Your article on Twin Comanches in the April issue is excellent. But one note: A full-fuel Twinkie (120 gallons) such as mine has 600 pounds payload, not 500 pounds as stated in the article. It sounds like you may not have taken the tip-tank upgross into account.
The tip-tank STC increases the max gross by 120 pounds because the fuel weight is redistributed across the wing structure. For example, my empty weight is 2450 pounds, 114 gallons of 100LL is 673 pounds which leaves me with 602 pounds payload for a max gross of 3725 pounds. If I didnt have turbos, my full-fuel payload would be closer to 650 pounds.
While were setting the record straight, the Comanche pictured here, which appeared in the article, does indeed belong to Brian Williams but it doesnt have LoPresti cowlings, as incorrectly noted in the caption.
It is obvious that Aviation Consumers goal is to provide pilots with unbiased and accurate information so that they can make proper purchasing decisions. This becomes especially important when considering avionics and aircraft instrumentation. Regarding your October 2005 article on the Sportys attitude indicator, you may wish to inform your readers of the following important factors.
All the attitude indicators you mentioned look the same from the outside; however, its whats on the inside that counts. Although a brief look conducted by an instrument shop may be nice, it is no substitute for qualified and measurable testing. What really counts is performance. I am not aware of any testing data available on the Castleberry gyro.
Mean time between failure (MTBF) provides a rating as to the durability and the lifespan expected from an instrument like an attitude gyro. The Mid-Continent 4300 gyro is rated at 7500 hours MTBF. Thats more than three times that of our nearest competitor, the well-respected L3 attitude indicator. Is there a rating on the Castleberry gyro?
The Mid-Continent Lifesaver gyro has been tested to meet RTCA DOl60d specifications. My research shows that competing products have not conducted similar tests. This is likely an indicator of the components integrity and the long term value that an aircraft owner will receive in normal operations and in the harsh environment of aircraft performance.
This is especially crucial for serious IFR pilots and people who make their living flying aircraft. Although you provided some assurance to your readers of the dependability of Sportys and Castleberry Instruments, it is important to note that Sportys has little or no experience selling aircraft instruments or gyros.
They do not have any in-house testing, design or engineering facilities nor is there a repair network set up to support the Castleberry gyro. Mid-Continent operates one of the largest overhaul/exchange facilities in the world and we do not have the manuals required to overhaul, repair or certify the Castleberry gyro. In fact, the Castleberry Company manufacturing this product bears little resemblance to the former overhaul facility and manufacturer that was based in Austin, Texas. It is a new company with a short track record and limited representation in our industry.
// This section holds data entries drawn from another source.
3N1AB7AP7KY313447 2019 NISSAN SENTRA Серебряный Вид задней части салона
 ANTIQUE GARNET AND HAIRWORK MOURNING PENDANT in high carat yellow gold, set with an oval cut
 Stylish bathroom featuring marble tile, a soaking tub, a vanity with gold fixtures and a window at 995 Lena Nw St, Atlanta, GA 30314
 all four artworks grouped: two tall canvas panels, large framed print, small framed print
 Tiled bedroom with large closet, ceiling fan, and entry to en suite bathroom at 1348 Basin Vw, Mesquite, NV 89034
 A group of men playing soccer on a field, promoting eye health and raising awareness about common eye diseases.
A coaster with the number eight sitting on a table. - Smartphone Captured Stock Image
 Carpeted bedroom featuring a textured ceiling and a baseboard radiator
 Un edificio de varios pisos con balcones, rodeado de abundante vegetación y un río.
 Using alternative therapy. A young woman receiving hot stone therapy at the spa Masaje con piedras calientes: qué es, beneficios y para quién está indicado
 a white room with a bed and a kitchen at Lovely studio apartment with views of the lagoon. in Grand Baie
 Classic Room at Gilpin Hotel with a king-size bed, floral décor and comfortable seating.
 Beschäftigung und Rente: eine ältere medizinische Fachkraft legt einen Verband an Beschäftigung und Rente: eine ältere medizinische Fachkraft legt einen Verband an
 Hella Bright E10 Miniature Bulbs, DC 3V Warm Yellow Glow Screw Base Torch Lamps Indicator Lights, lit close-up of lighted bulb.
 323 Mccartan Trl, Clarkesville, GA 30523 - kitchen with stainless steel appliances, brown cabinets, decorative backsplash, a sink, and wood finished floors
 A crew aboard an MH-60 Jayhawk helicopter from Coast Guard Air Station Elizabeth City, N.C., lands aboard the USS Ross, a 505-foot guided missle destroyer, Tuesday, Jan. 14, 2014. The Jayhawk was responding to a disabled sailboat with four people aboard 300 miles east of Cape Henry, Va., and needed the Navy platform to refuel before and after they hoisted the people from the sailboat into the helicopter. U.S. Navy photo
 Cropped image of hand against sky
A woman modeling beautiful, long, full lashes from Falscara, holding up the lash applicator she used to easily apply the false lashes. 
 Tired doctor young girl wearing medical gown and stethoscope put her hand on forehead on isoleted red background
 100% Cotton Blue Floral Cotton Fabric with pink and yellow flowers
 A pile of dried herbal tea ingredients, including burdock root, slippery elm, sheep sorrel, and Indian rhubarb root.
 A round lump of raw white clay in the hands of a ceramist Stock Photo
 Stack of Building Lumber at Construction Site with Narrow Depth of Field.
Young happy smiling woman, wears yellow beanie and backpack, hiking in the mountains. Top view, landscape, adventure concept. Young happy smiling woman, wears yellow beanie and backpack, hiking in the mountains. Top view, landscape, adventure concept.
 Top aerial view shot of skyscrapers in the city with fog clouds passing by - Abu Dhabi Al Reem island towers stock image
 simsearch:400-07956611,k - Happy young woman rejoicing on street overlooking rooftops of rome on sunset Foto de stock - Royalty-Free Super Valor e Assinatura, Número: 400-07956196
It is important that every pilot has reliable instrumentation and quality backups for IFR operation.
J. Todd Winter
Mid-Continent Instrument Co.
We asked Sportys and Castleberry to reply to Winters letter. We were told that the Sportys gyro has a two-year warranty, twice that of other instruments in this market. The gyro is certified to TSO C4c and while Castleberry did not conduct extensive MTBF testing, it did so because it believed this would add cost to the product that wouldnt be of value for a back-up gyro.
The contention that Castleberry is new to the business is misleading. While the company has reorganized, it has operated in the same location with many of the same personnel since 1975. Moreover, Sportys has been in business for more than 40 years. For the time being, Castleberry is retaining repair and service work inhouse, but if demand warrants it, the company says it will distribute service documentation to other repair shops.